Le taux d'abstention s'est élevé à 66,72%, un record pour une élection depuis le début de la Ve République, au premier tour des régionales, selon les chiffres définitifs communiqués mardi par le ministère de l'Intérieur. Pour Gérard Larcher, face à l'abstention, "les réponses qu'on doit apporter ce sont d'abord des réponses politiques avant d'être des réponses techniques", même s'il a cité "la double procuration" et "la réflexion sur la sécurisation du vote par Internet".

Pour affronter cette "formidable crise de confiance", il a plaidé pour la "clarification politique", en se réjouissant que pour le second tour dimanche, "les listes de la droite et du centre sont claires, elles n'ont pas opéré de fusion, n'ont pas opéré de confusion, elles sont sur leur ligne".

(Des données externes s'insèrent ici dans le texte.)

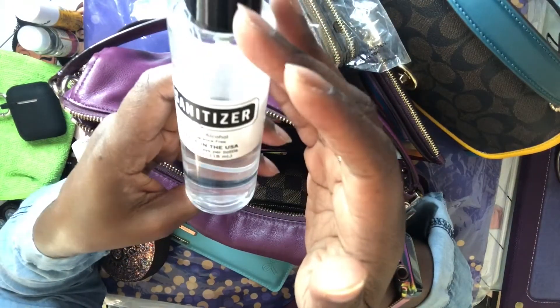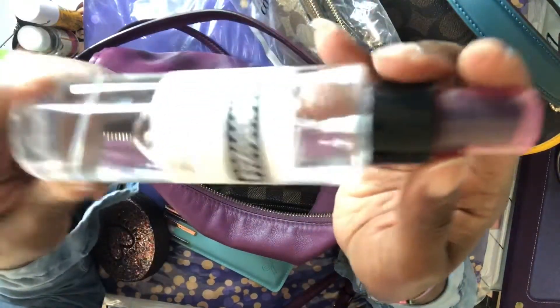I also have my Brazilian Kiss lip butter from Sephora. And I have another hand sanitizer — this came from my daughter's girlfriend, whose mom shipped it from Arizona. She really likes this hand sanitizer and gave me one, and I actually like it too.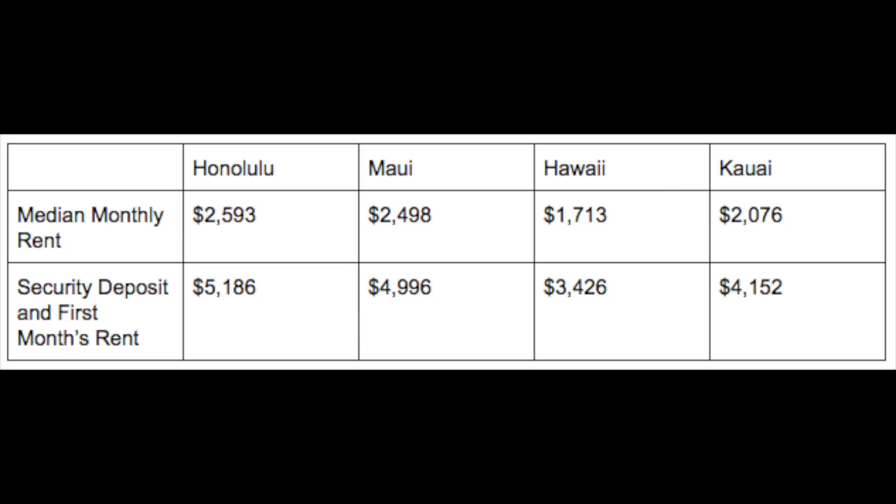Here are the median monthly rents per county. As you can see, even though the median monthly rent for the state is $2,220, it's much higher in Honolulu and Maui, where most of the people and jobs are. The Big Island has much lower housing costs and is the most affordable. Things to remember about houses in Hawaii are that they are smaller than what you'll find on the mainland, and most were built in the 1970s and 80s. Also, the location of the house will impact the cost of the rent.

Le président du Sénat n'a exprimé "aucun regret" sur le maintien du scrutin en juin, malgré la crise sanitaire. "Quand les cinémas et restaurants rouvrent, que la vie repart, qu'on inaugure la nouvelle Samaritaine, on confinerait la démocratie encore? Non, le sujet c'est pas les dates, le sujet c'est le retour à une forme de confiance", a-t-il répondu.